Tuesday, March 20, 2012

Wiping a hard drive

Ever needed to completely wipe out critical data off a hard drive? As we all know, mkfs doesn't erase a lot (you already knew this, right?). mkfs and its variants (such as mkfs.ext3 and mke2fs) only get rid of a few important data structures on the filesystem. But the data is still there! For a SCSI disk connected as /dev/sdb, a quick:
dd if=/dev/sdb | strings
will let anyone recover text data from a supposedly erased hard drive. Binary data is more complicated to retrieve, but the same basic principle applies: the data was not completely erased.

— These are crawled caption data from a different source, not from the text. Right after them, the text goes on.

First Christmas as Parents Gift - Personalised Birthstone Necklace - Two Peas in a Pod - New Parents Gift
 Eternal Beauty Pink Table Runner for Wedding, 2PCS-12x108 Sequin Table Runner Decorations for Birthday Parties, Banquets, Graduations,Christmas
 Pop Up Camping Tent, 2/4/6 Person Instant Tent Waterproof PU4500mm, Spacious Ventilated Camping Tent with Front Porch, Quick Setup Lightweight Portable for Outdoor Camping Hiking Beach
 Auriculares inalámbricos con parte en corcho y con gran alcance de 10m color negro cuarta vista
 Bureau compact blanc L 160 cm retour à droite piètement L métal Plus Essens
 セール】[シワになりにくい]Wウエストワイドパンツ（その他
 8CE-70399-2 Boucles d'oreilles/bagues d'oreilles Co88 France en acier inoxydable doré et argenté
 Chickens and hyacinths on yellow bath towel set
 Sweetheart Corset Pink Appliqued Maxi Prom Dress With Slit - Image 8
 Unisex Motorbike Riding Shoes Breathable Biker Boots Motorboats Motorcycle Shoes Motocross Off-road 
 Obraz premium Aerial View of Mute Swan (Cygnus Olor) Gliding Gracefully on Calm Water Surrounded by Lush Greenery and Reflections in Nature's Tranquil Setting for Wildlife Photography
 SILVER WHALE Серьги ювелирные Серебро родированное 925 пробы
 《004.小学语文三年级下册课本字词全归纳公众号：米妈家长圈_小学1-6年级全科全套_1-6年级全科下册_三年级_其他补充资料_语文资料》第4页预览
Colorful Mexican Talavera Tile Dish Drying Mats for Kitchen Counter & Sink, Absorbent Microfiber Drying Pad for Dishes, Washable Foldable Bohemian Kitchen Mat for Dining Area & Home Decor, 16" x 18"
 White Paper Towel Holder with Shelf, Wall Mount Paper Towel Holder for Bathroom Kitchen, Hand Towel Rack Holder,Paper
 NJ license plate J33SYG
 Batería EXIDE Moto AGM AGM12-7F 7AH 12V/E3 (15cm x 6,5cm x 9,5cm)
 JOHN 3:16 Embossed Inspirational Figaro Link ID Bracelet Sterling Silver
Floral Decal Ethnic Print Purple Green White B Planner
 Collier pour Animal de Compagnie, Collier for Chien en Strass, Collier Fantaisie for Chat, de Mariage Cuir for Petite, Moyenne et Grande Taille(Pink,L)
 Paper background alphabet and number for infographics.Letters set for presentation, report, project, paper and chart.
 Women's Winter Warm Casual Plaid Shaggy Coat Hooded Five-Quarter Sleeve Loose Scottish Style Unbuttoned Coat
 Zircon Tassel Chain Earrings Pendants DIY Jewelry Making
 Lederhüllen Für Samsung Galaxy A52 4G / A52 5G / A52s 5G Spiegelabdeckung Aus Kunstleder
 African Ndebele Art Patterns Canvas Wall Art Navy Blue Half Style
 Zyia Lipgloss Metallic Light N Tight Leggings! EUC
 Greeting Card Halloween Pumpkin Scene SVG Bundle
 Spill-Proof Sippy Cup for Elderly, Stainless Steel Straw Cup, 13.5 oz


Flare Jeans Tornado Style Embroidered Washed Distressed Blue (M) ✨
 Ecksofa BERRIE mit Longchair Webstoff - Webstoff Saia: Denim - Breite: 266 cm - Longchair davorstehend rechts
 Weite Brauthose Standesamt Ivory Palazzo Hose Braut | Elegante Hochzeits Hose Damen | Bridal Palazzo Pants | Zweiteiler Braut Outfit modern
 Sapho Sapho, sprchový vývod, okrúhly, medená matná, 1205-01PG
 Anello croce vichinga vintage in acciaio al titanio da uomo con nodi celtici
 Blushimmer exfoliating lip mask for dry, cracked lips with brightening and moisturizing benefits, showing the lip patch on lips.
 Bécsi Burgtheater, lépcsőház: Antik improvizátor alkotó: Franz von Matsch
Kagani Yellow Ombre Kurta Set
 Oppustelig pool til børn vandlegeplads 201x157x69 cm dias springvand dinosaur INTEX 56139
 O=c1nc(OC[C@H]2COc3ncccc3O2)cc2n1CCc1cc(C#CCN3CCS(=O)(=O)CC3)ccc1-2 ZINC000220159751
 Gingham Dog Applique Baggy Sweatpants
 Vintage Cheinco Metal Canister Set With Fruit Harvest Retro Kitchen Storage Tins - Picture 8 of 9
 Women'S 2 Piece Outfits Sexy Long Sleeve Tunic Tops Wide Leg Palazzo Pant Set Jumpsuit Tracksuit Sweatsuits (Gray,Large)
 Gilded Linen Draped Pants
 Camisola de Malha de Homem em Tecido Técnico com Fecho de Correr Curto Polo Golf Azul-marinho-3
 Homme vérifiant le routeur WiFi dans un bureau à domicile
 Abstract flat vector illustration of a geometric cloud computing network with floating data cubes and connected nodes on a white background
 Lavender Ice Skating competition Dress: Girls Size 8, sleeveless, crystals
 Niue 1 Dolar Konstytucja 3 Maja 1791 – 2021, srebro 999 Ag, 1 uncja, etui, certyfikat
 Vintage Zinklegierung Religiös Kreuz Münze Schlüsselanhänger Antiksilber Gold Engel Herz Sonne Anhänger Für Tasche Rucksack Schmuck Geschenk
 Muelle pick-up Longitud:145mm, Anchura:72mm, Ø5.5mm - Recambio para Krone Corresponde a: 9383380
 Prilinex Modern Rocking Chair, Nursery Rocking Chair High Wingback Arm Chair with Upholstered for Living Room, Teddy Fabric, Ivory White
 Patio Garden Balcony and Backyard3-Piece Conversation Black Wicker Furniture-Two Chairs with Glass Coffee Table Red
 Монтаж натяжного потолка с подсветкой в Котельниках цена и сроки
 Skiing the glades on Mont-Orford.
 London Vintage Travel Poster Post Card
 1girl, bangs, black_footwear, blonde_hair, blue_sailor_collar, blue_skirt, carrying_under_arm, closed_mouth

To make things harder for the bad guys, an old trick was to use the 'dd' command as a way to erase a drive (note that this command WILL erase your disk!):
dd if=/dev/zero of=/dev/sdb
There's one problem with this: newer, more advanced, techniques make it possible to retrieve data that was replaced with a bunch of 0's. To make it more difficult, if not impossible, for the bad guys to read data that was previously stored on a disk, Red Hat ships the 'shred' utility as part of the coreutils RPM package. Launching 'shred' on a disk or a partition will write repeatedly (25 times by default) to all locations on the disk (be careful with this one too!):
shred /dev/sdb
This is currently known to be a very safe way to delete data from a hard drive before, let's say, you ship it back to the manufacturer for repair or before you sell it on eBay!